→ **EXERCISE DETAILS**
A faithful, complete copy of the entries below is required, with images removed.

>>>

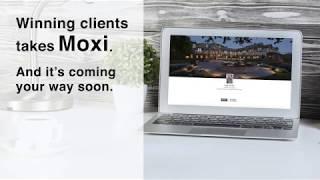 Introducing Moxi Present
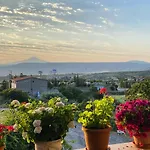 فيلة Unique In Cappadocia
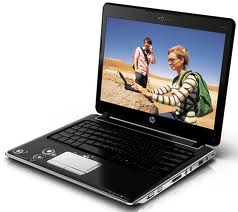 HP Pavilion DV2-1020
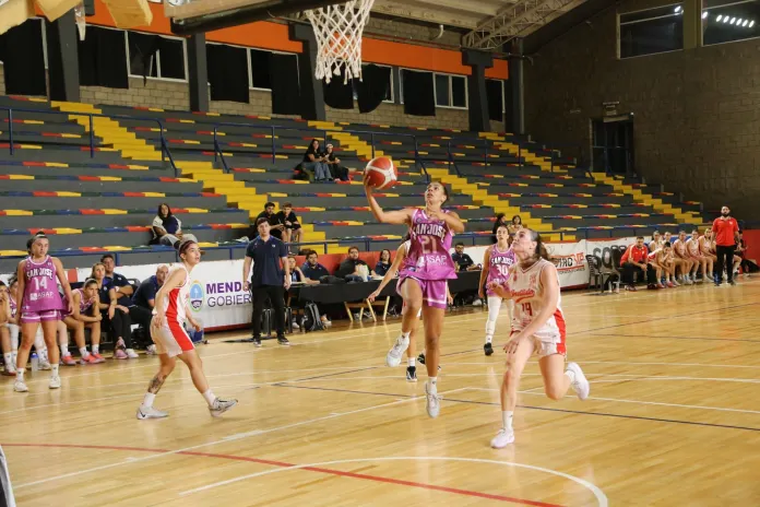 San Jos&eacute; se llev&oacute; un gran triunfo.&nbsp;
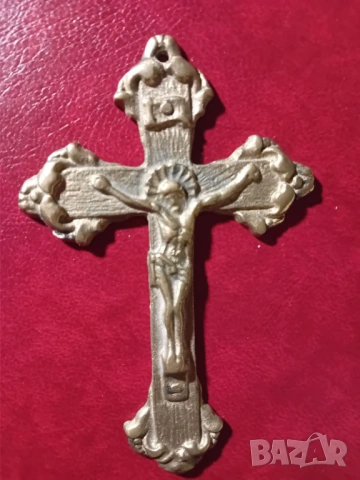 Кръст за украса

<<<

→ **EXERCISE RESPONSE**
 Introducing Moxi Present
 فيلة Unique In Cappadocia
 HP Pavilion DV2-1020
 San Jos&eacute; se llev&oacute; un gran triunfo.&nbsp;
 Кръст за украса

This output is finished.